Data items
──────
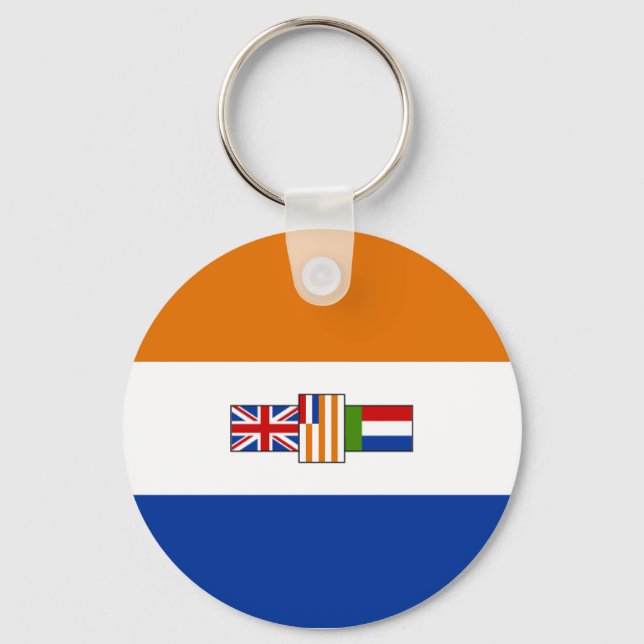 Gamla sydafrikanska Flagga Nyckelring (Framsida)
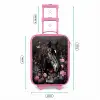 Zwart paard in bloei Kinderkoffer - Roze klein -productfoto_formaten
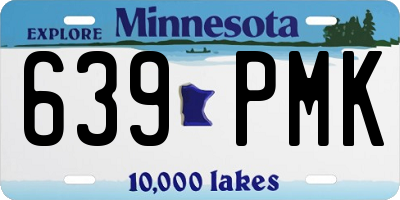 MN license plate 639PMK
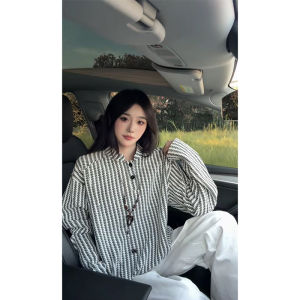 Áo Thun Nam Tay Dài Kẻ Sọc Đen Trắng Cổ Henry Phong Cách Mỹ Thường Ngày Mùa Thu Thoải Mái Thoáng Khí Chống Mài Mòn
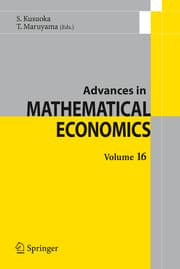 Cover von Advances in Mathematical Economics Volume 16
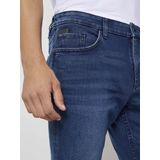TOM TAILOR jeans heren 10622022 Josh Regular Slim , 10172 - Mid Stone Blauw Zwart , 32W / 36L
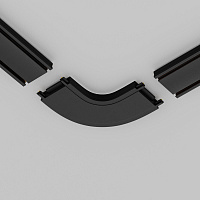 Maytoni Technical Конектор питания полукруглый Radity черный TRA084CR-11B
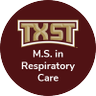 MSRC_TexasState's profile picture. Post-professional, online graduate degree in Respiratory Care. Providing advanced education to respiratory therapists to further their personal or career goals.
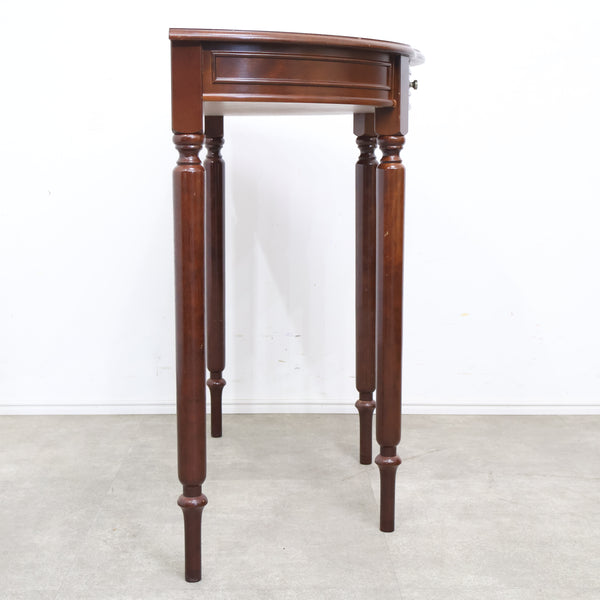 アンティーク調のコンソールデスク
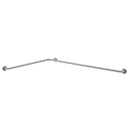 Bobrick B-5897 (54 x 42 x 1.25) 1-1/4" Diameter Two-Wall Toilet Grab Bar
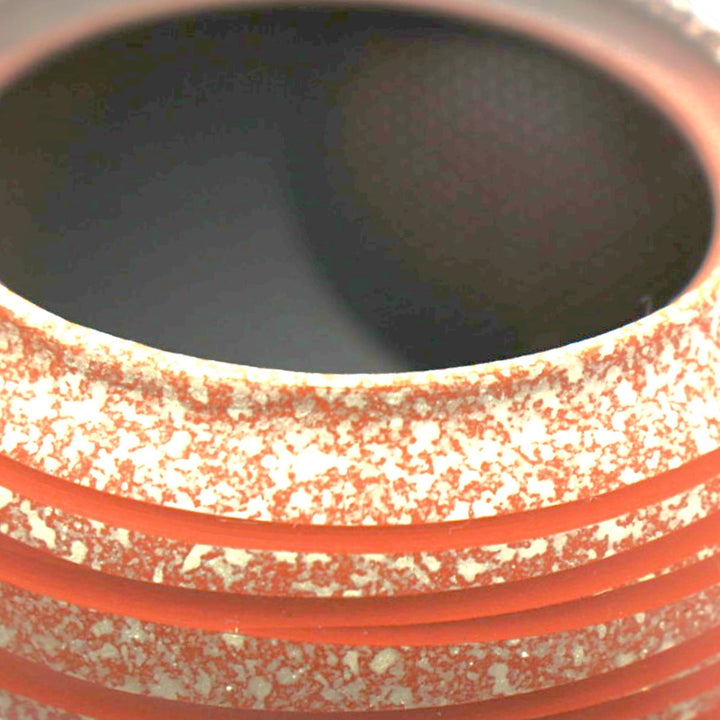 Tokoname Japanese Kyusu Teapot - Red Ring - Tea and Whisk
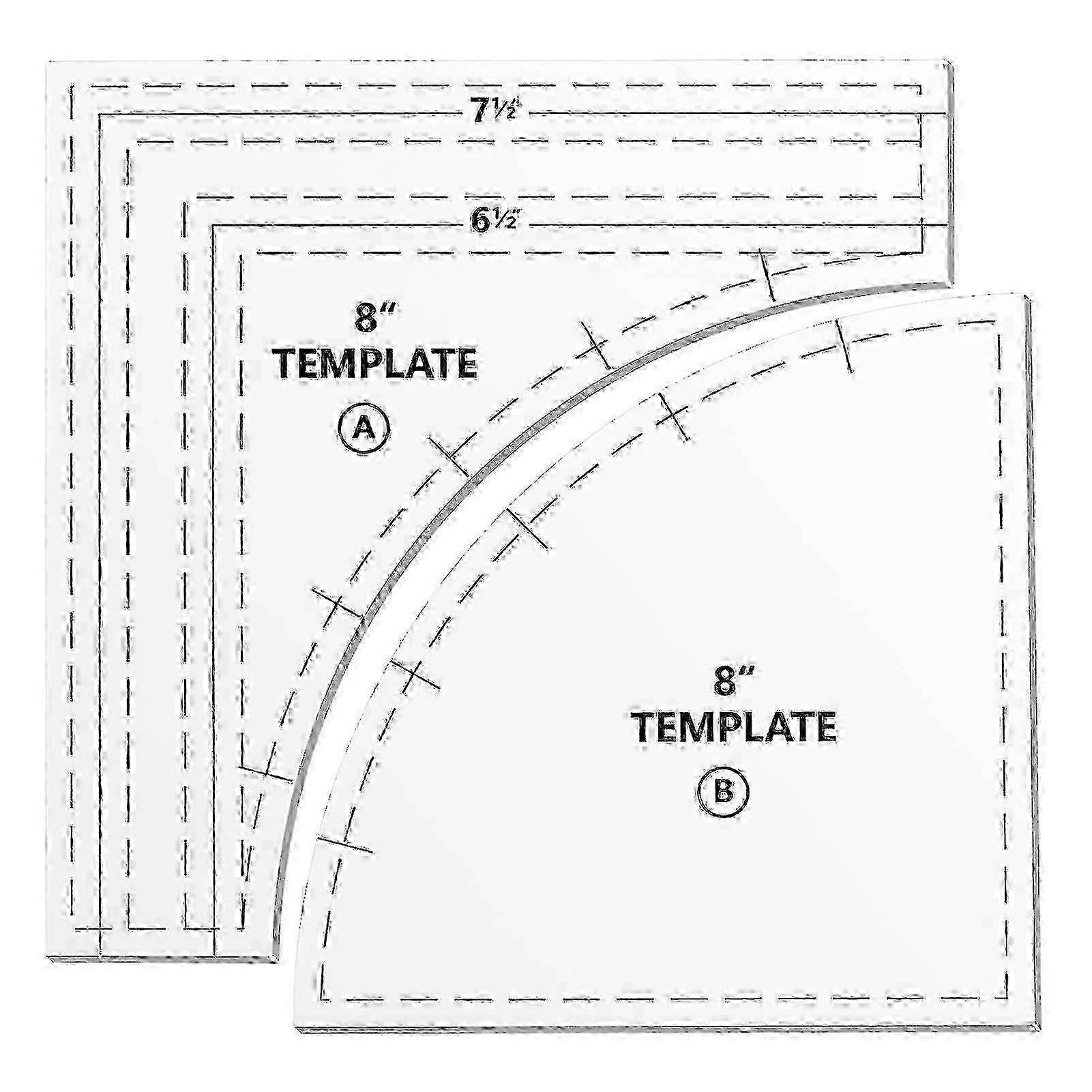 quilting templates drunkards path for sewing and DIY crafts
──────
Task directions:
Verbatim, write out the line containing "Zwart paard in" and all later lines through the end of the records, leaving every picture out.

Solution to this exercise:
 Zwart paard in bloei Kinderkoffer - Roze klein -productfoto_formaten
 MN license plate 639PMK
 Áo Thun Nam Tay Dài Kẻ Sọc Đen Trắng Cổ Henry Phong Cách Mỹ Thường Ngày Mùa Thu Thoải Mái Thoáng Khí Chống Mài Mòn
 Cover von Advances in Mathematical Economics Volume 16
TOM TAILOR jeans heren 10622022 Josh Regular Slim , 10172 - Mid Stone Blauw Zwart , 32W / 36L
 Maytoni Technical Конектор питания полукруглый Radity черный TRA084CR-11B
 MSRC_TexasState's profile picture. Post-professional, online graduate degree in Respiratory Care. Providing advanced education to respiratory therapists to further their personal or career goals.
 アンティーク調のコンソールデスク
 Bobrick B-5897 (54 x 42 x 1.25) 1-1/4" Diameter Two-Wall Toilet Grab Bar
 Tokoname Japanese Kyusu Teapot - Red Ring - Tea and Whisk
 quilting templates drunkards path for sewing and DIY crafts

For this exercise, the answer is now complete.